Acknowledgements #2

dselivanov · 2020-02-02T07:41:26Z

Hi @atheriel. Thanks for your great work on rabbitMQ client.

I see that client sends acknowledgement before callback is executed and regardless the callback status. Shouldn't we send it only if callback haven't thrown an error? Otherwise it becomes a situation that message is not properly consumed and nobody notice that. So essentially message is lost for a system.

atheriel · 2020-02-03T01:34:28Z

This is intentional, yes. In fact, an earlier version would only acknowledge the message if the callback returned TRUE (and n'ack it if FALSE), but I moved away from this for a few reasons:

My current understanding of the AMQP spec and RabbitMQ docs is basically that clients should acknowledge messages if they are successfully delivered to the application in almost all cases. So I consider it correct behaviour to ack messages as they are received.
longears is not a true low-level library. Certain things (channels and acknowledgements, among others) are generally hidden from users and handled in what I believe to be best-practice ways. For example, automatically ack-ing messages is how EasyNetQ (which influenced many of my best-practice design decisions) behaves.
Catching R-level errors in C code is a pain in the ass to implement, and would be even more annoying in the background thread case, where the message IDs for acknowledgements would need to be correctly guarded by the mutex.

However, I'm open to feedback here. What kind of pattern are you trying to implement where you need to fail to acknowledge messages?
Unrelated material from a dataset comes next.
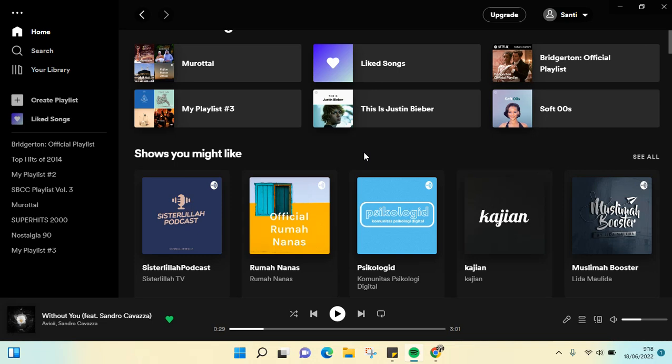Hi guys, welcome back to this channel. In this video I'm going to show you how to add a new playlist in Spotify.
ps. Complete implementations for manually ack-ing and nack-ing messages are actually still in the source code, they're just not exported.

dselivanov · 2020-02-04T15:45:52Z

What kind of pattern are you trying to implement where you need to fail to acknowledge messages?

When data consistency is a must I would prefer to be on the safe side and acknowledge only after function finished whatever it supposed to do. For example message queues commonly used as buffer to organize mini-batching and insertion to a database. So if error happens in a callback then messages are not inserted to a database. But at the same time they are consumed from a queue. This essentially means that messages are lost...

atheriel · 2020-02-06T18:15:54Z

I suppose that in cases like that I would handle errors at the application level instead of pushing them back to the message broker, but I can see why you'd want guaranteed correct delivery. What's the behaviour that you would expect if the callback fails? Negative acknowledgement + requeue, or just no acknowledgement at all?

dselivanov · 2020-02-07T05:42:27Z

What's the behaviour that you would expect if the callback fails? Negative acknowledgement + requeue, or just no acknowledgement at all?

I would say safest option by default might be nack and requeue, but ideally this should be configurable ( as in ptyhon pika client for example).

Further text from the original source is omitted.